If you’d like to use CustomFit to create a custom version of Harrogate, please read all about CustomFit recipes and get one for this sweater here
Technical editing by Alison Green. Model credit Jackie Pawlowski. Photo credit Amy Herzog.
Harrogate is a refined, comfortable pullover in a wool-lover’s wool. The classic cabled pullover is traditionally somewhat boxy and less-curvaceous; Harrogate updates the original with vertical waist shaping darts, hourglass cables, and a figure-skimming silhouette. It retains intricate-looking stitch patterns, strong vertical elements, and a lusciously woolly yarn.
Cables create an eye-catching vertical panel on the front, and the sleeves and back are simply trimmed in twisted 1x1 rib. The mock turtleneck neckline keep you warm on the chilliest of days. The combination of ribbing and simple cables gives a look that’s decidedly more complex than the actual knitting.
It is worked in pieces and then seamed, with set-in sleeves.

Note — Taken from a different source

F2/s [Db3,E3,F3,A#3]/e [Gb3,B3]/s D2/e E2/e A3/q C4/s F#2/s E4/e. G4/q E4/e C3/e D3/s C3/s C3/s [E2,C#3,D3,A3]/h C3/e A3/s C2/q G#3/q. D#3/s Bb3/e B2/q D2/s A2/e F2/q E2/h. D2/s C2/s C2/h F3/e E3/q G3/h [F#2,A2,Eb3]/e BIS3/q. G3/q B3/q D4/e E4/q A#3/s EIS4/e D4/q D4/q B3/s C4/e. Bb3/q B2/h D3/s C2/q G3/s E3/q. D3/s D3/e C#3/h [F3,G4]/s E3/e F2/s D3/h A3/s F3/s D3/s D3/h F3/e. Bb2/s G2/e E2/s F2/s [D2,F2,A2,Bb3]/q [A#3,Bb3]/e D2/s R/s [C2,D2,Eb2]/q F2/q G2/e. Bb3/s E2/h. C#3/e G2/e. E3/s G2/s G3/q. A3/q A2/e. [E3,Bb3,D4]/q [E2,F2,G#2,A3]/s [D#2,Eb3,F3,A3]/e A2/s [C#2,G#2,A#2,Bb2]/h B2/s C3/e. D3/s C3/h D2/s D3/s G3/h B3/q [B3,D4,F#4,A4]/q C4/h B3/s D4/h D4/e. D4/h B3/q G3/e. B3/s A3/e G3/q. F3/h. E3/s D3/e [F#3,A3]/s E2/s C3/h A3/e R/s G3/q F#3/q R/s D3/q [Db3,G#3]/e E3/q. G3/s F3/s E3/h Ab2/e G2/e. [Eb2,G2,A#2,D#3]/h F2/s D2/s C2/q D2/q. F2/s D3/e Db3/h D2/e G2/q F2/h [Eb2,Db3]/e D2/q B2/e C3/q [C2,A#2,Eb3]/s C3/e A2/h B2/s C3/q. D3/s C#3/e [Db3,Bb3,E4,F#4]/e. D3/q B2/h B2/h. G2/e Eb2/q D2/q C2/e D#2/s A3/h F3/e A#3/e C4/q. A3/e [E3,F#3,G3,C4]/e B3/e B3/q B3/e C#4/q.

The neckline is worked in the round after finishing.
Lorna’s Laces Masham is a sturdy, soft, wonderfully woolly wool with a subtly marled color texture. It works up into a beautiful springy and substantial fabric. Should you decide to substitute yarn, you will need approximately 700 (759, 827, 873, 943, 985, 1066, 1120, 1197, 1260, 1347, 1449) yds / 638 (692, 754, 796, 860, 898, 972, 1022, 1091, 1149, 1228, 1321) m.
Harrogate is incredibly versatile and offers great options for all body types. As written, the neckline and sleeves balance one another out, flattering proportional figures. The strong vertical cable panels narrow the torso and obscure details of the body. Top-heavy shapes might consider lengthening the sweater; bottom-heavy shapes might consider shortening it or the sleeves slightly. Busty figures might consider dropping the neckline into something deeper.
Vertical darts enable easy customization to fit your needs. Should you desire less waist shaping than specified, either omit the shaping rows entirely, or omit/reduce only the shaping on the front of the sweater. Bustier women can work more increases on the front of the sweater, and not in the back. Extra stitches should be decreased into the neckline.
As with all patterns, compare the schematic against your own measurements and make alterations as necessary. Thanks so much for your support!